Helper functions for reading input, printing the intermediate steps, time and memory requirements and a function for running each algorithm in an organized fashion.


In [22]:
def read_states_from_file(filename):
    start_states, goal_states = [], []

    with open(filename, "r") as file:
        t: int = int(file.readline().strip())
        for _ in range(0, t):
            # Read the puzzle dimension
            start_state, goal_state = [], []
            n: int = int(file.readline().strip())

            for _ in range(0, n):
                start_line = file.readline().strip()
                for num in start_line.split(" "):
                    start_state.append(int(num))

            for _ in range(0, n):
                goal_line = file.readline().strip()
                for num in goal_line.split(" "):
                    goal_state.append(int(num))

            start_states.append(Node(start_state))
            goal_states.append(Node(goal_state))

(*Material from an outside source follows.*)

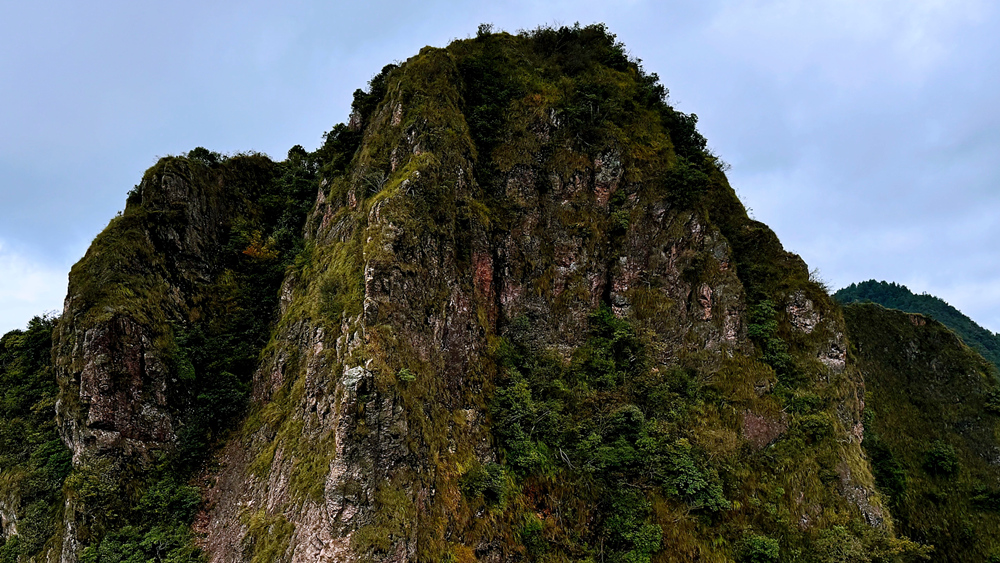 开路先锋|永康历山,经典山脊风光线,神龟拜釜!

    return start_states, goal_states

def read_max_depths_from_file(filename):
    with open(filename, "r") as file:
        t: int = int(file.readline().strip())
        max_depths = [
            int(max_depth) for max_depth in file.readline().strip().split(" ")
        ]
    return max_depths

def print_path(node: Node, f=None) -> int:
    if node is None:
        return 0
    ans = 1 + print_path(node.parent, f)
    if f is not None:
        print(node, file=f)
    else:
        print(node)
    return ans

read_states_from_file(filename): This function reads a file and extracts start states and goal states for a puzzle. It opens the file, reads the number of test cases, and for each test case, it reads the puzzle dimension and the start and goal states. The start and goal states are then wrapped in a Node object and appended to their respective lists. The function returns these lists.

read_max_depths_from_file(filename): This function reads a file and extracts maximum depths for each test case. It opens the file, reads the number of test cases, and then reads a line containing maximum depths for each test case. These depths are converted to integers and stored in a list, which is returned by the function.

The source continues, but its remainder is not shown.